Chris Schanck | Living Between the Practical and the Beautiful

November 1, 2021

Whoever said that furniture can only be practical has not met Chris Schanck. The Detroit-based artist and furniture designer constantly toes the line between art and furniture, sculpture and chair. Schanck believes that disciplinary boundaries are to be pushed and genres to be blended, especially when it comes to his own designs.

Schanck will present new sculptural works with Friedman Benda at this year’s Salon Art + Design from November 11 to 15. His distinctive bright colors, odd shapes, and out-of-the-box use of materials have brought attention to Schanck, who has mastered the practice of bringing out unconventional beauty from the strangest places. For the 10th anniversary of the fair, Schanck will showcase a new cast mirror in anticipation of his retrospective at the Museum of Arts and Design in New York this upcoming February.

Flaunt had the chance to speak with Schanck and talk about all things Friedman Benda, navigating between art and design, and even his favorite piece of work.

How does it feel to be a part of Friedman Benda’s exhibition for the 10th anniversary of Salon Art + Design?

I feel grateful to be in the right place at the right time. This is an occasion to celebrate the collective efforts of all those who have lab

ored with love to bring this fair to us over the past ten years. A time to recognize all the galleries that have committed to fill the Salon’s pavilion with their best offerings over the past decade. I believe the Salon goes beyond transactional relationships. It’s an annual cultural event that brings our odd little world together. A chance to connect with colleagues IRL we’ve only known through digital media. Most of all, the fair is now a part of the city’s DNA. It opens its doors to the curious newcomer and expert alike to experience the spirit of design today.

Who else’s work are you excited to see at the anniversary celebration?
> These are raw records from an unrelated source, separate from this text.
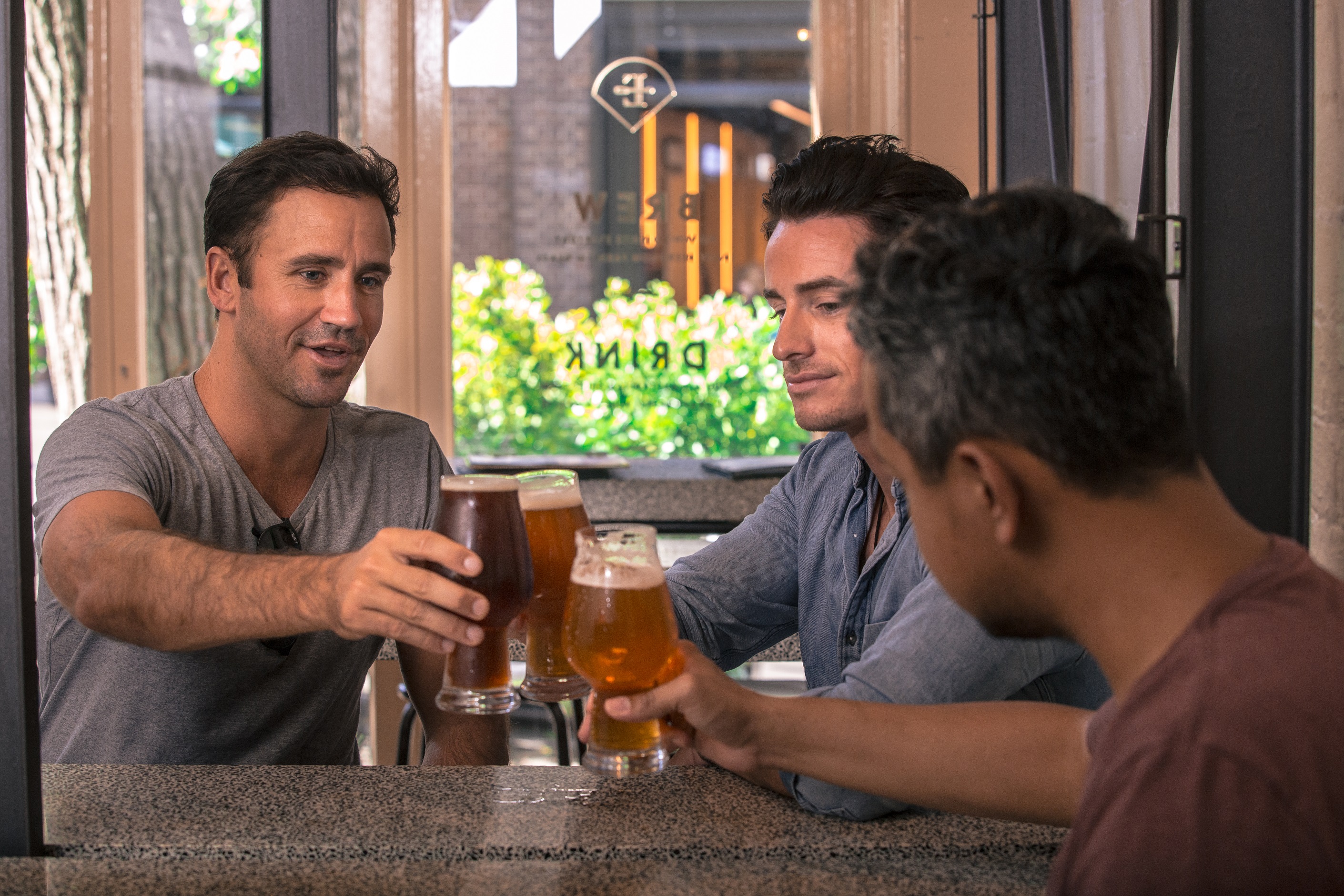 Endeavour Brewing Co launches equity crowdfunding campaign Endeavour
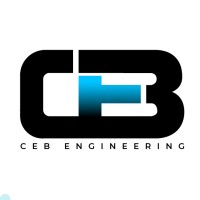 CEB Engineering logo, CEB Engineering contact details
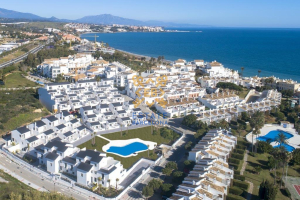 Apartamento №23188 en Estepona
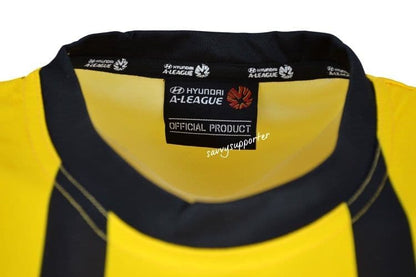 Wellington Phoenix Mens Replica Jersey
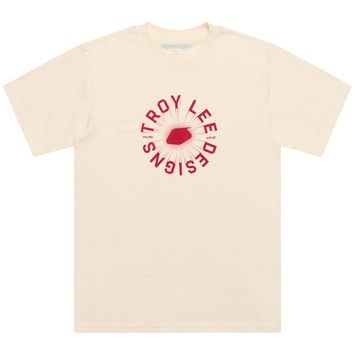 TROY LEE DESIGNS ROTATION VINTAGE WHITE (70173000)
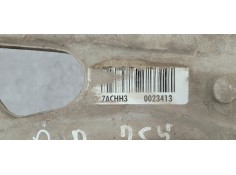 Recambio de brazo suspension delantero derecho para ds 4 1.5 hdi referencia OEM IAM   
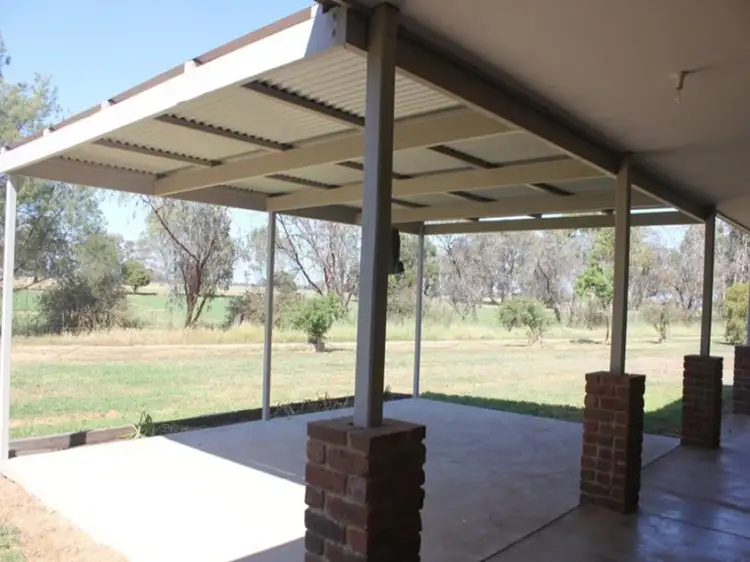 Fifth view of Homely house listing, 1695 Toolamba Rd, Toolamba VIC 3614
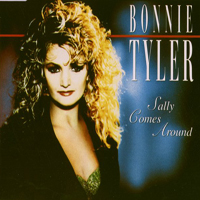Bonnie Tyler - Sally Comes Around (Single)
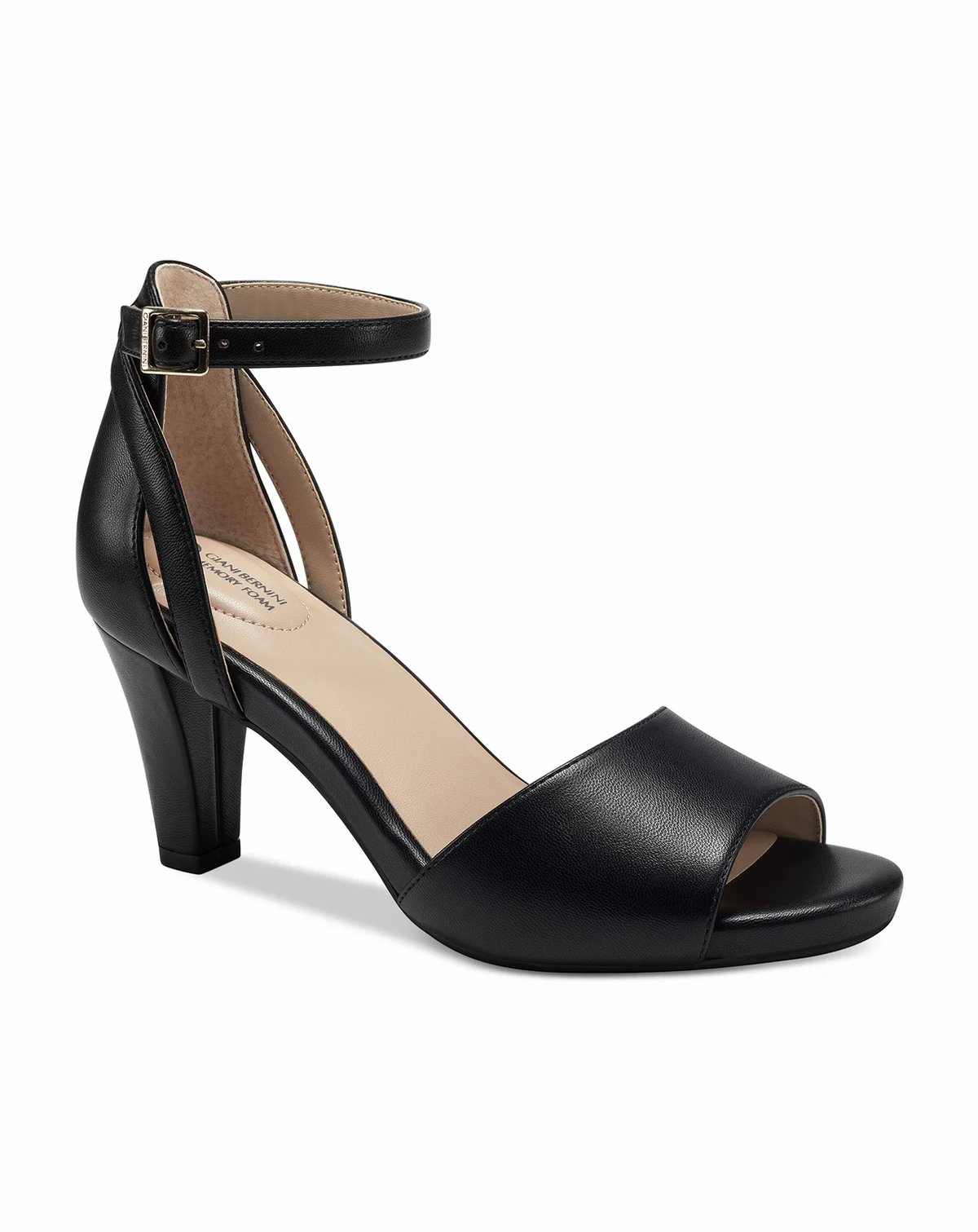 Women's Clarrice Ankle Strap Dress Sandals, Created for Macy's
I’m in love with Shari Mendelson’s work. I believe their work is an enchanting bridge between our collective ancestral past and our littered present day from which Mendelson gathers their material. The work is imperfectly beautiful, reminiscent of ancient Greek artifacts, handmade, and finished in soft industrial palettes of blues, greens, and transparent milky whites. All which seems charming enough on first appearances but approach with caution, this work has sharp edges. It reminds us of where we come from and prompts us to consider where we’re headed or may have already arrived. What more can one ask of a single artist? They are of this moment and they have my admiration.

How do you navigate between being an artist & a furniture designer?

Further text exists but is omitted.